> [Given information]
────────────────
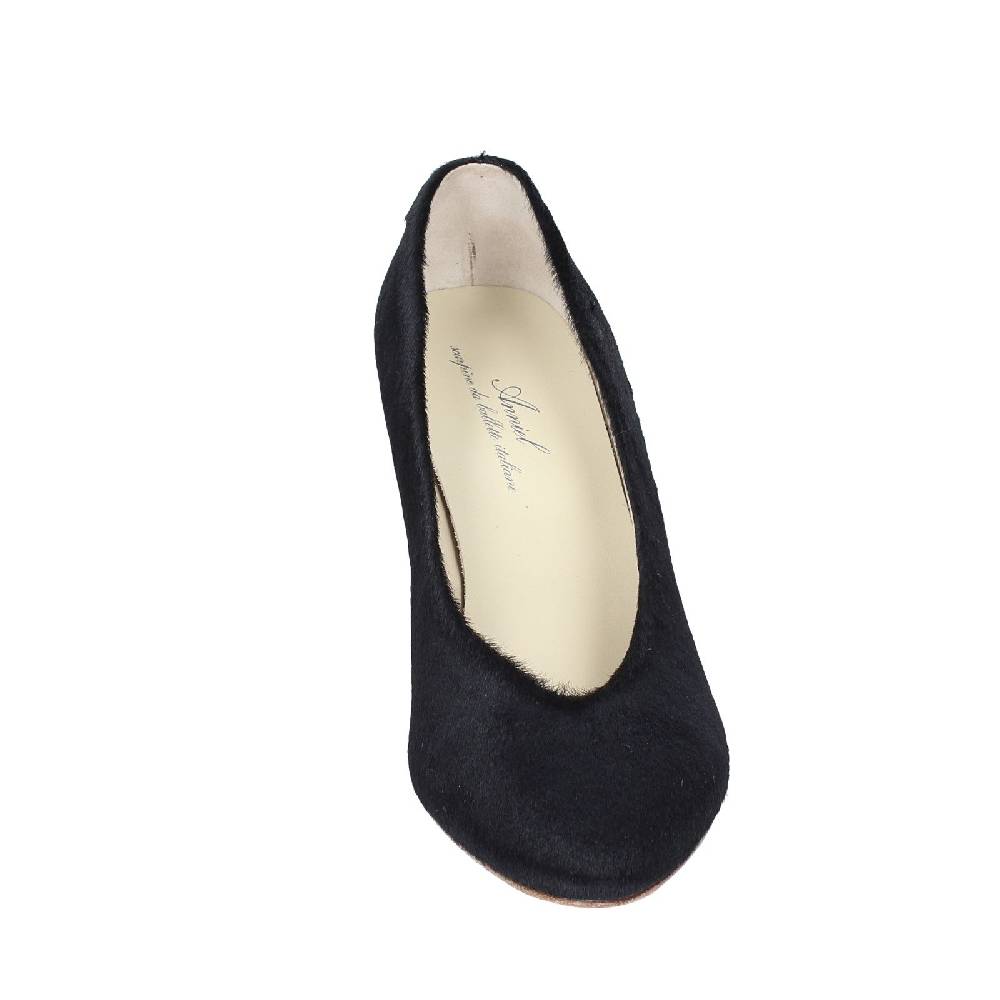 scarpe donna ANNIEL decollete nero cavallino EX252 Novità
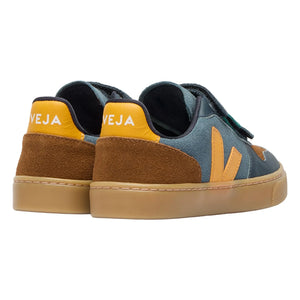 Veja - V-10 Süet Çizik Sneakers | Mavi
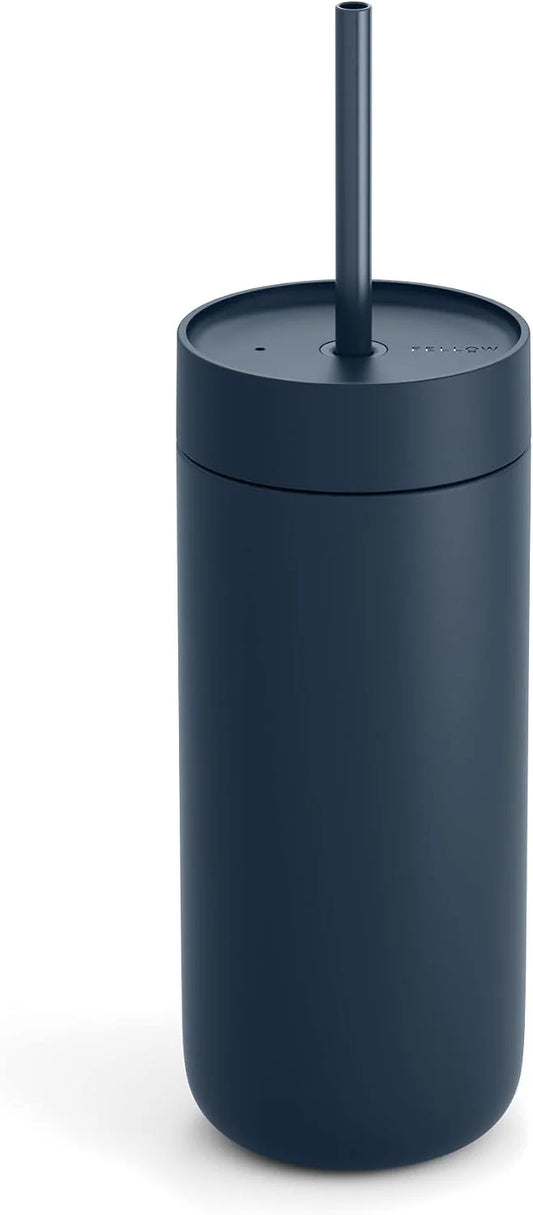 Fellow Carter Cold Ceramic Lined Tumbler 16 oz with Straw Lid, BPA-Free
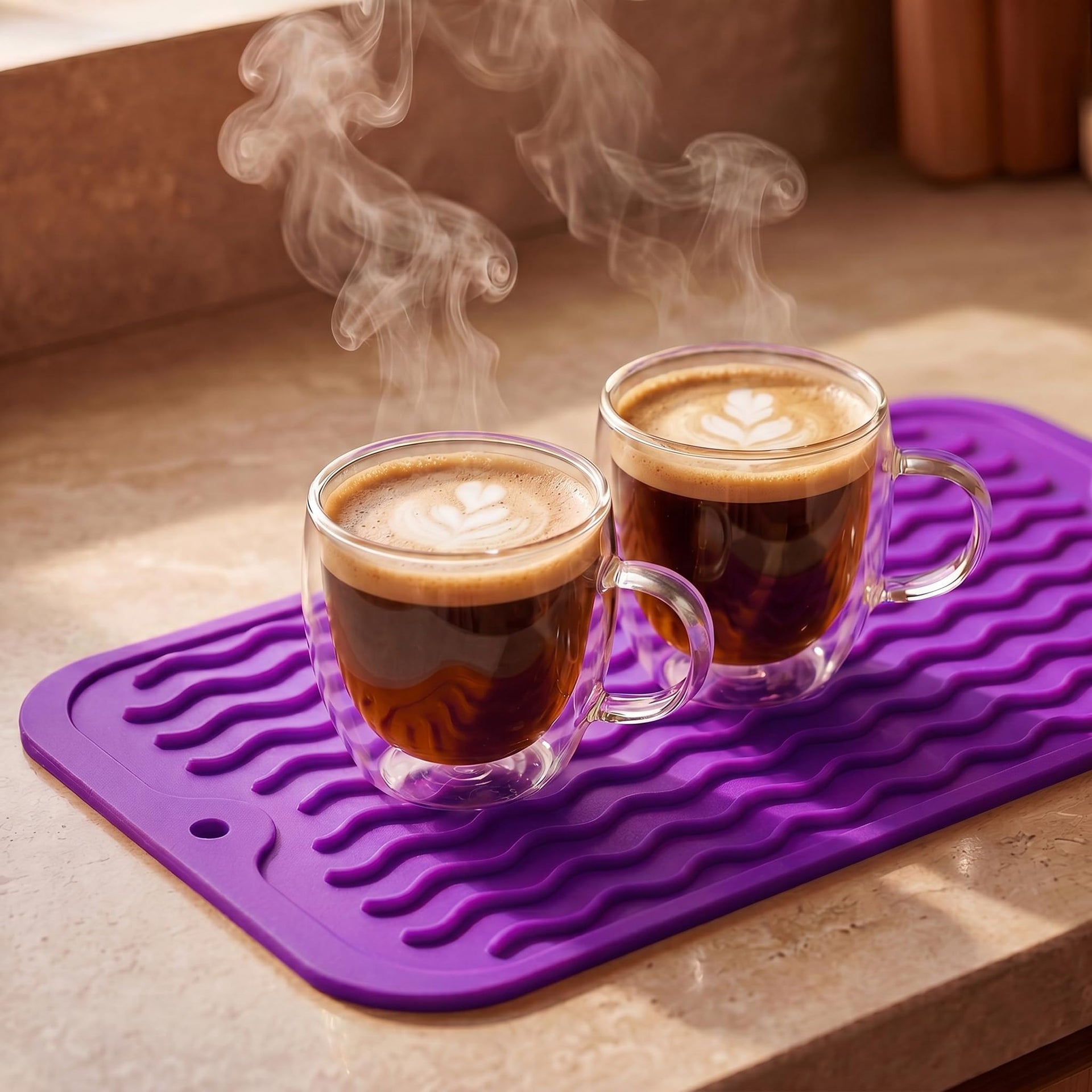 Silicone Dish Drying Mat for Multiple Usage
────────────────
> [What the exercise asks]
The answer must be the full listing, exact in every line, with the pictures removed.

> [Problem solution]
 scarpe donna ANNIEL decollete nero cavallino EX252 Novità
 Veja - V-10 Süet Çizik Sneakers | Mavi
 Fellow Carter Cold Ceramic Lined Tumbler 16 oz with Straw Lid, BPA-Free
 Silicone Dish Drying Mat for Multiple Usage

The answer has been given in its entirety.